The Fourteenth International Symposium on Experimental Mineralogy, Petrology and Geochemistry was held in Kiel, Germany, 4–7 March 2012, and was organized by Philip Kegler from the Institute of Geosciences, Department of Mineralogy. More than 260 scientists from 30 countries attended the meeting. Altogether, 230 abstracts were submitted and presented over three full days of two parallel oral sessions and one dedicated poster session. The posters were displayed over the entire time of the conference. Almost 40% of the contributions were presented by graduate students. Plenary lectures were given by Michael Walter, University of Bristol, Bristol, UK, on the subject of ‘Modelling core formation in Earth: regression – useful analytical tool or Freudian nightmare?’, by Stephen Parman, Brown University, Providence, USA, on ‘Recycling of noble gases: Experimental measurements of Helium solubility in amphibole and other ring-bearing minerals’, and by Detlef Köpsel, Schott AG, Corporate Research and Technology Development, Mainz, Germany, on ‘Gases and bubbles in technical glasses’. The subjects of the plenary lectures mirrored the wide range of the attendees’ contributions with topics of the evolution of terrestrial planets and the early Earth, subduction-zone processes, and the deep Earth. Another theme concentrated on new frontiers and developments in experimental applications and applied geosciences, such as exploration or disposal of energy-related and hazardous materials. During the EMPG XIII in Toulouse 2010, an effort was made to encourage closer links between experimental approaches and theoretical simulations. During EMPG XIV in Kiel, researchers with numerical backgrounds presented their research in at least two sessions. Hopefully, this effort will be continued in future EMPG symposia.

The organization of the meeting was supported by financial contributions from the European Mineralogical Union, the German Mineralogical Society, and the commercial exhibitors Cameca, Hawedia, Jeol GmbH, Lampert Werktechnik GmbH, Max Voggenreiter GmbH, PANalytical GmbH, Parr Instrument, Schweizerbart Borntraeger Science Publishers, Springer Spektrum Verlag GmbH, and Swagelok Best Fluidsysteme GmbH.

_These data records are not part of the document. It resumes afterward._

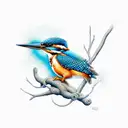 kingfisher static on a branch  tattoo design idea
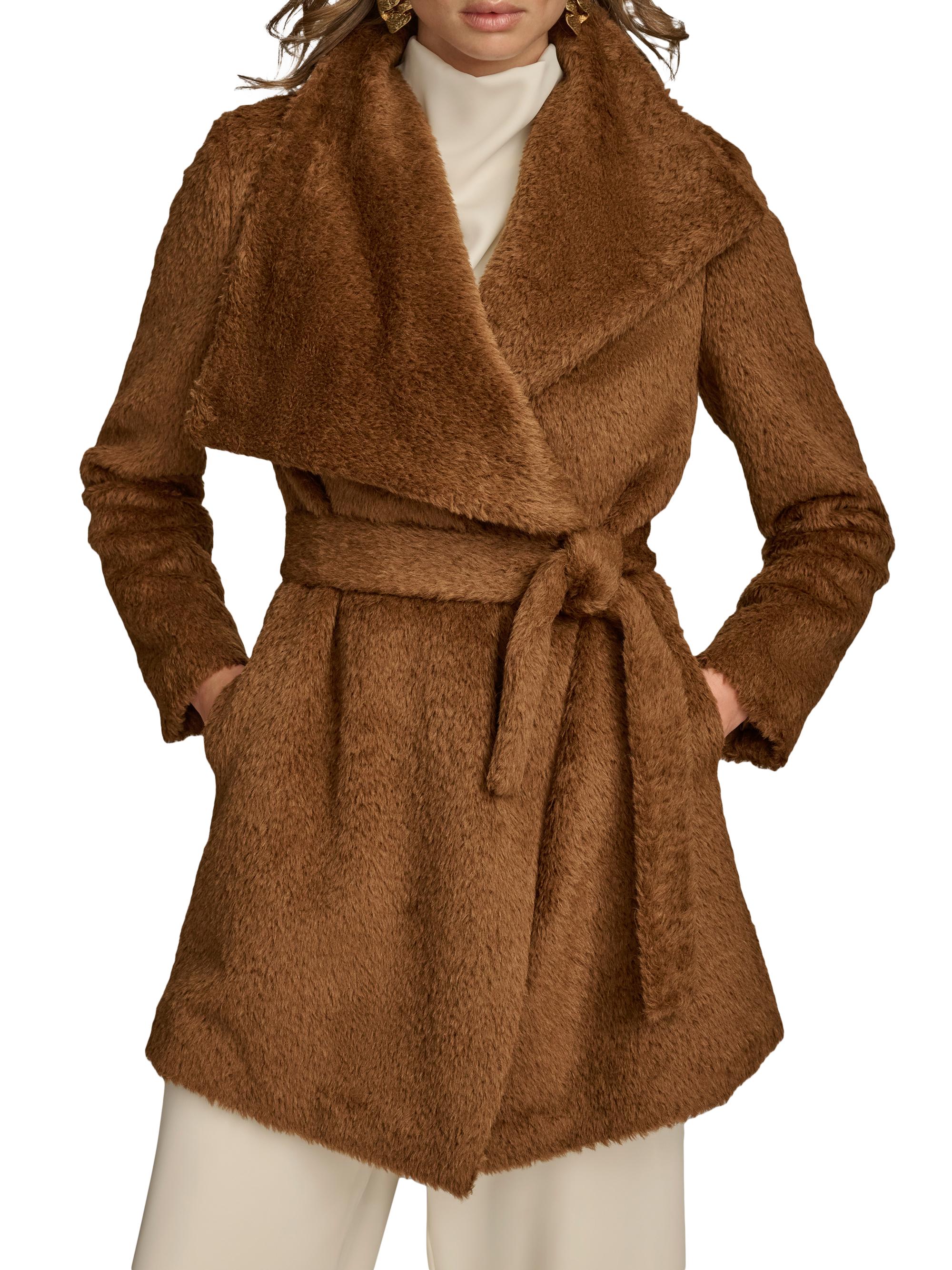 Donna Karan New York Wool-Blend Belted Wrap Coat Saks Fifth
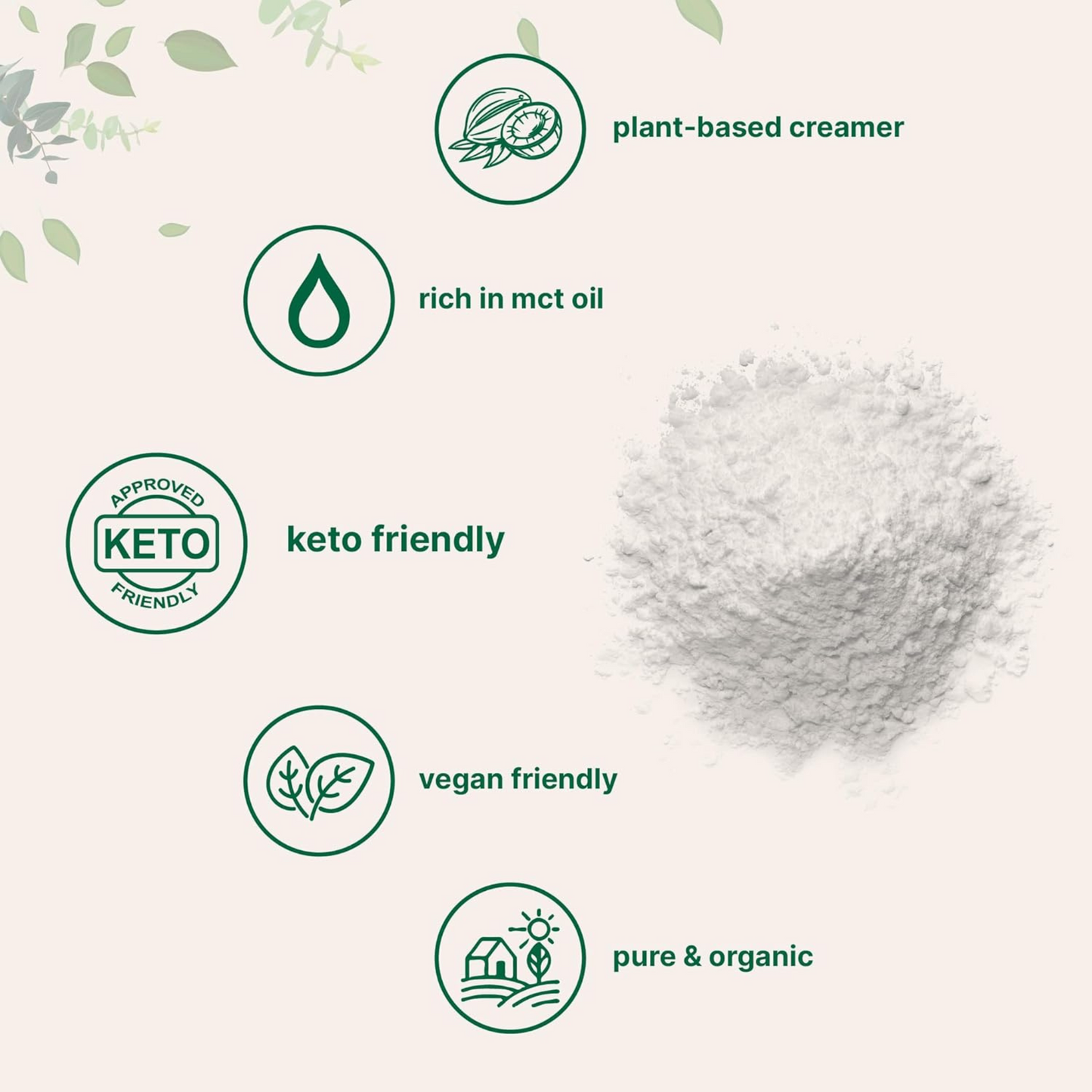 Micro Ingredients Leite de Coco em Pó Orgânico, 907 g, Creme Vegetal para Café, Chá e Smoothies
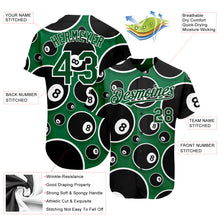 Загрузить изображение в средство просмотра галереи, Custom Green White 3D Pattern Design Billiards Snooker 8 Ball Authentic Baseball Jersey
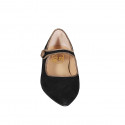 Mary Jane pointue pour femmes avec courroie en daim noir et taupe talon 2 - Pointures disponibles:  33, 35, 42, 43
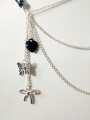 3 Layered Chain Necklace with Beautiful Charms and Beads – Punk Trendy Casual Jewelry for Girls & Women. 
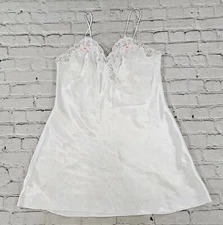 Val Mode Lingerie White Satin Chemise Slip Dress Lace VINTAGE WOMENS SIZE M
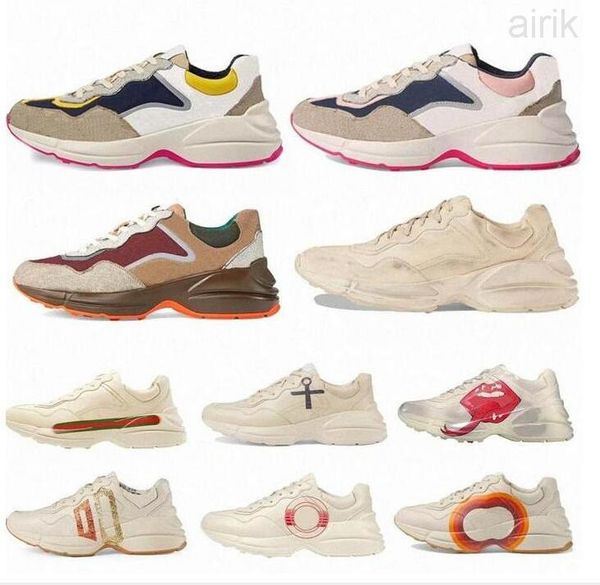 

2022 designer shoes leather rhyton sneakers fashion beige men trainers vintage luxury chaussures ladies shoe designers sneakes size 35-46, Black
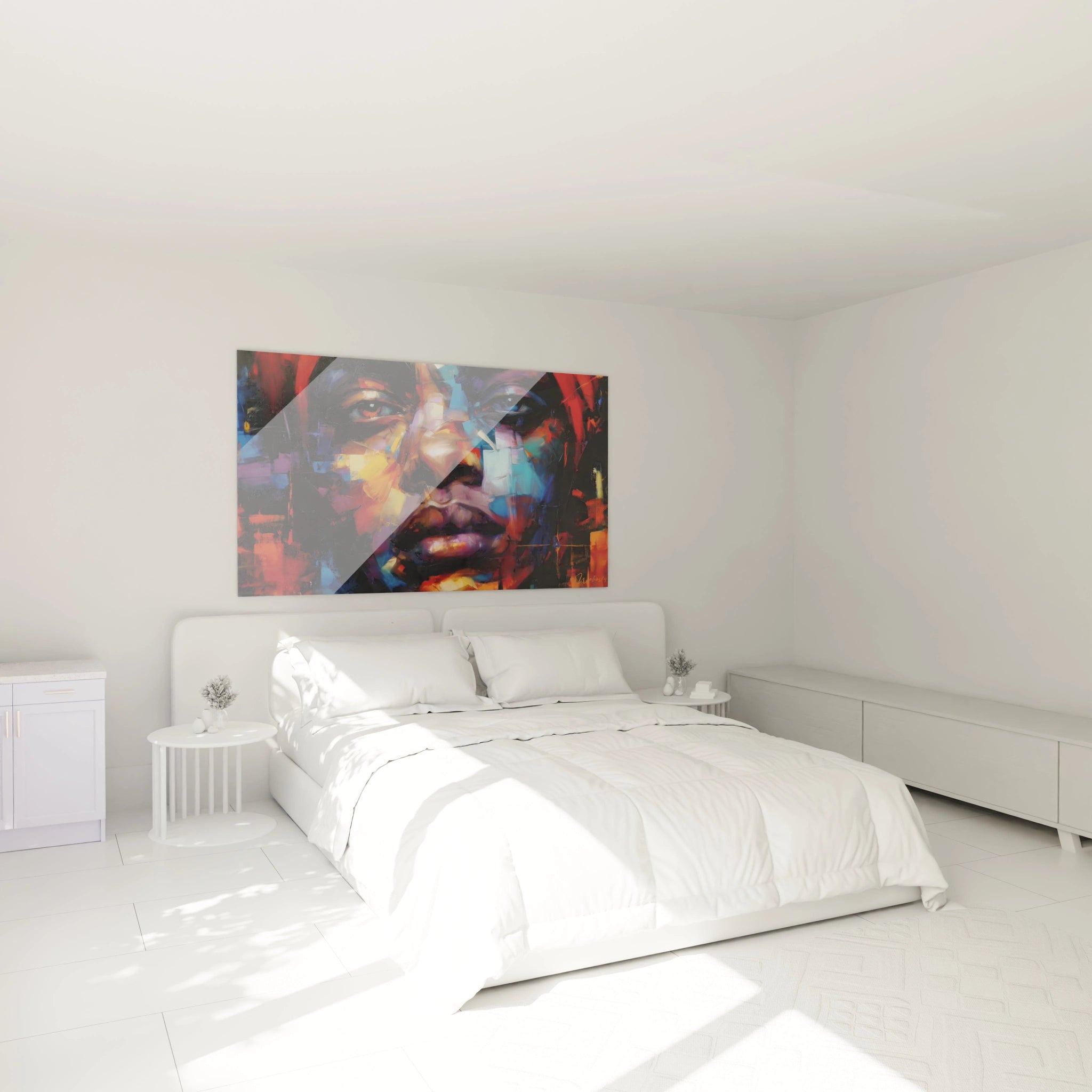Tableau mural visage africain contemporain de Walensky pour une décoration moderne et colorée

We solicited submissions for a special issue of European Journal of Mineralogy, and the papers included here represent a cross section of the work presented at the meeting. Zhang reviews recent advances in the kinetics and dynamics of mineral and bubble dissolution or growth controlled by mass transfer, focusing on quantitative prediction models. Holzheid presents experimental evidence that efficient core formation by a percolation mechanism is only feasible when conditions are very oxidizing or a large fraction of silicate partial melt or a completely molten silicate exists. Wolff et al. investigated reaction mechanisms of hydrous partial melting of gabbro in the deep oceanic crust and discuss implications for the formation of SiO2-rich melts in the oceanic crust. Karimova & Stalder studied the incorporation mechanisms of OH in pyroxenes and suggest that the water content in pyroxenes correlates with silica activity during crystallization. Marxer & Nowak detected concentration gradients of volatiles, such as, H2O and CO2, in silicate glasses by micro-FTIR microscopy, and confirm that FTIR imaging is a convenient tool to investigate the spatial distribution of these volatiles in silicate glasses, especially in terms of diffusion-related studies. Finally, Nover et al. report experimentally determined changes of petrophysical, petrological, mineralogical, mechanical, and chemical parameters of sandstones as a result of exposure to supercritical CO2.

We are grateful to all the participants at the meeting and all contributors to this special issue. We look forward to the next EMPG meeting in Amsterdam, The Netherlands, during 2014.